*What you will do:* Print the records below exactly, omitting all pictures.

*Data section:*

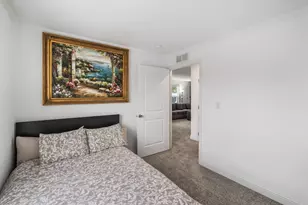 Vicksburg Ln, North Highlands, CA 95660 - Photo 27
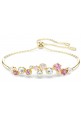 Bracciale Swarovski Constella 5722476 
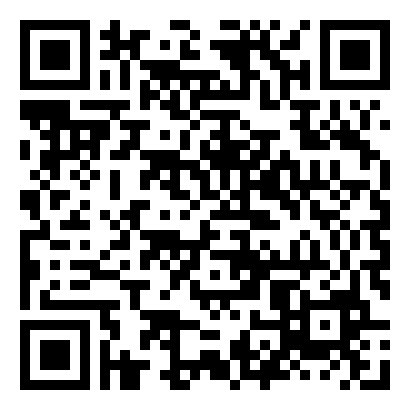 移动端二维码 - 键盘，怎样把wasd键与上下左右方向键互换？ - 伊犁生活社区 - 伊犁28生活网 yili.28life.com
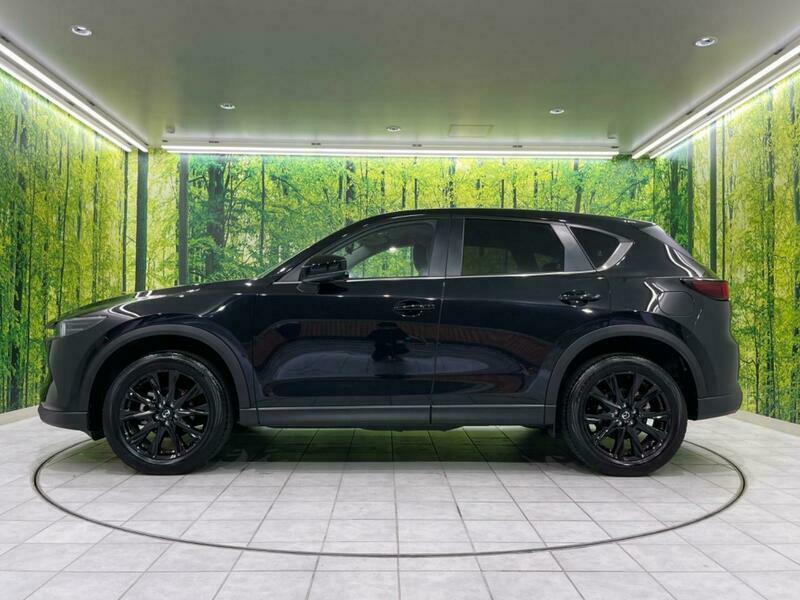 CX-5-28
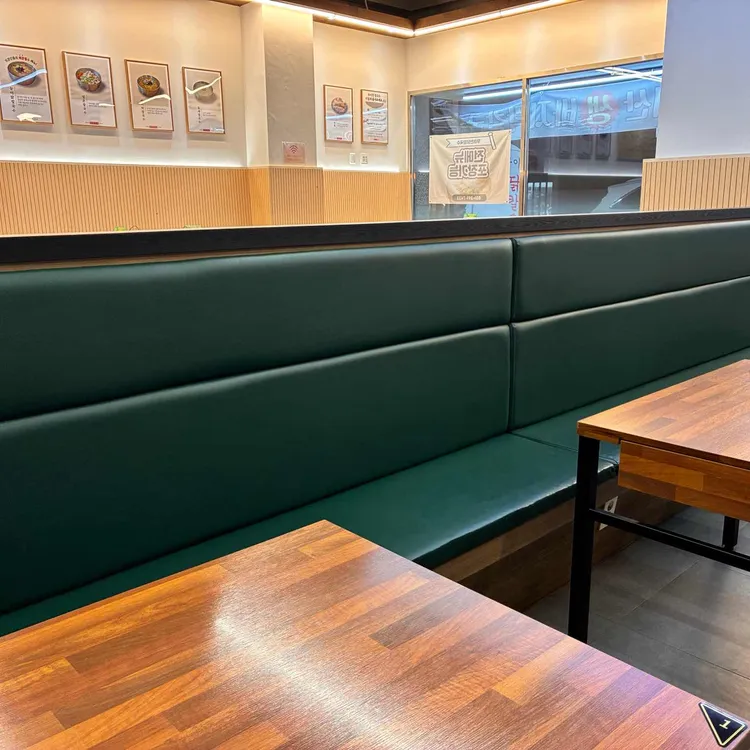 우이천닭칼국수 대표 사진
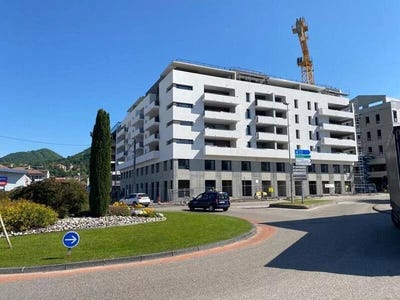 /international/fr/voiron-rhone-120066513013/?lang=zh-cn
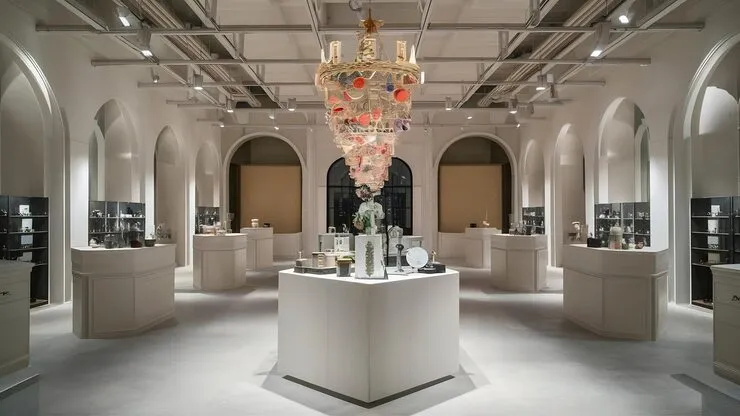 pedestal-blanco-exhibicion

*Answer below:*
 Vicksburg Ln, North Highlands, CA 95660 - Photo 27
 Bracciale Swarovski Constella 5722476 
 移动端二维码 - 键盘，怎样把wasd键与上下左右方向键互换？ - 伊犁生活社区 - 伊犁28生活网 yili.28life.com
 CX-5-28
 우이천닭칼국수 대표 사진
 /international/fr/voiron-rhone-120066513013/?lang=zh-cn
 pedestal-blanco-exhibicion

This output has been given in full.